Nel caso di specie l'indicazione di vane le ricerche esperite sul posto», al cospetto dell'accertata residenza anagrafica, evidenzia una carenza del procedimento notificatorio sotto il profilo del requisito della effettività delle ricerche e della specifica indicazione di quali siano state le "effettive" ricerche compiute, rilevante nel caso di specie come requisito formale indispensabile per il raggiungimento dello scopo dell'atto (art. 156, comma 2, cod. proc. civ.). In mancanza infatti della specifica indicazione delle effettive ricerche compiute, la generica indicazione di «vane le ricerche esperite sul posto» è inidonea ad integrare un fatto di cui l'ufficiale giudiziario dia conto nel processo verbale, per il quale incomba sulla parte interessata l'onere di proporre querela di falso, ma ha la valenza esclusivamente di una valutazione, non assistita, come è noto, dalla precipua efficacia dell'atto pubblico (in particolare, l'ufficiale giudiziario ha stimato "vane" le ricerche esperite, ma ha omesso di attestare i fatti, che sarebbero avvenuti, corrispondenti alle ricerche eseguite). Non vale richiamare Cass. n.. 17964 del 2017, come si fa nella memoria della controricorrente, la quale esclude che ricorra la nullità nel caso di mancata indicazione nel processo verbale delle indagini eseguite a condizione però che risulti comunque con assoluta certezza l'effettivo compimento delle stesse, circostanza che non risulta nel caso di specie (mentre sussisteva nel caso di cui al precedente appena citato).

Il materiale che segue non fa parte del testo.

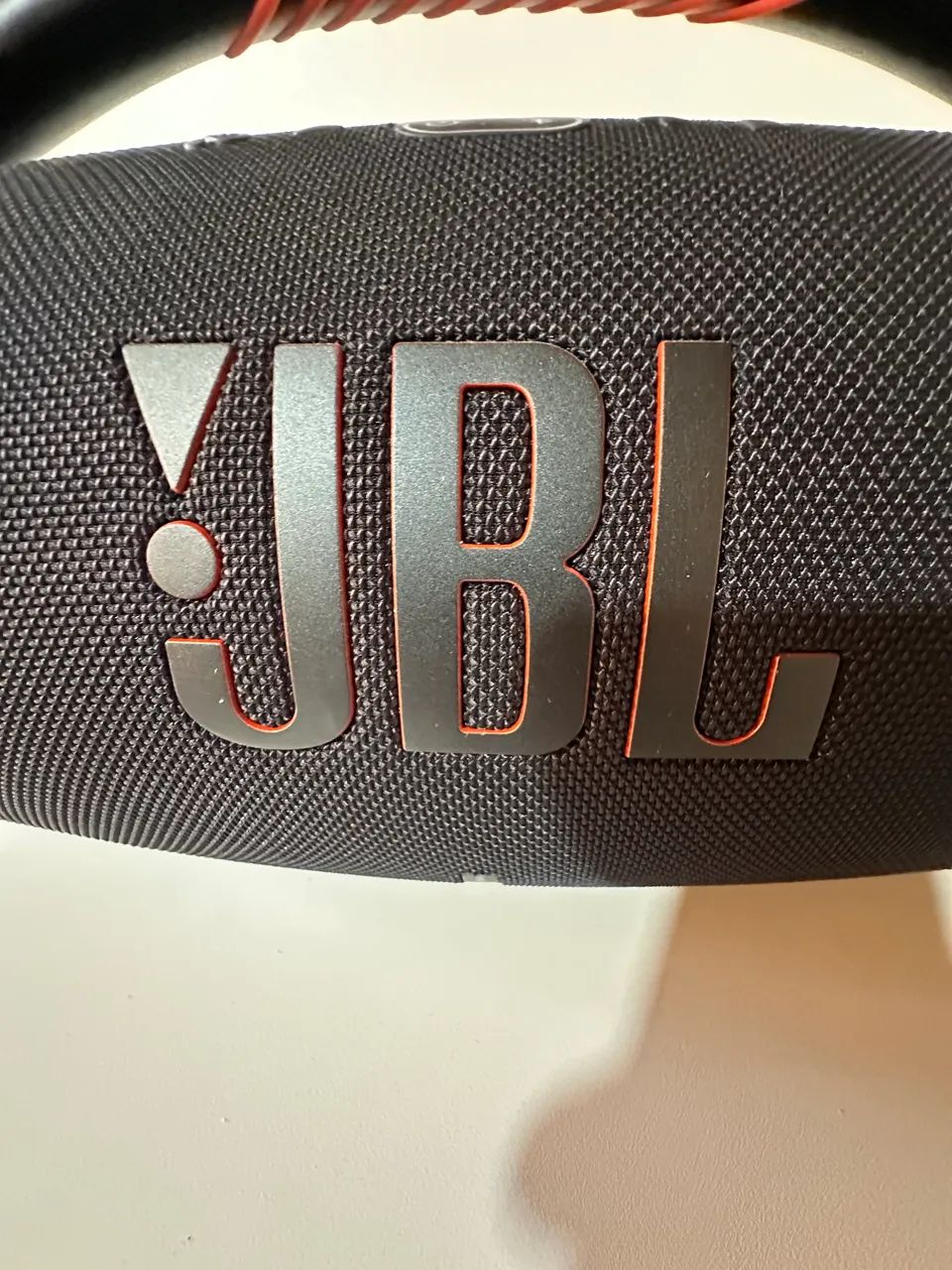 Jbl bombox3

Con il secondo motivo si denuncia violazione dell'art. 112 cod. proc. civ., ai sensi dell'art. 360, comma 1, n. 3, cod. proc. civ.. Osserva la parte ricorrente che la corte territoriale, ritenendo travolta la domanda riconvenzionale, ha confuso il contenuto di domande che restano autonome, con l'istituto della compensazione e che il contenuto della domanda riconvenzionale prescinde del tutto dall'opposizione a decreto ingiuntivo.
L'accoglimento del precedente motivo determina l'assorbimento del motivo.
P.Q.M.
Accoglie il primo motivo del ricorso, con assorbimento del secondo motivo; cassa la sentenza in relazione al motivo accolto; rinvia alla Corte di appello di Brescia in diversa composizione, cui demanda di provvedere anche sulle spese del giudizio di legittimità.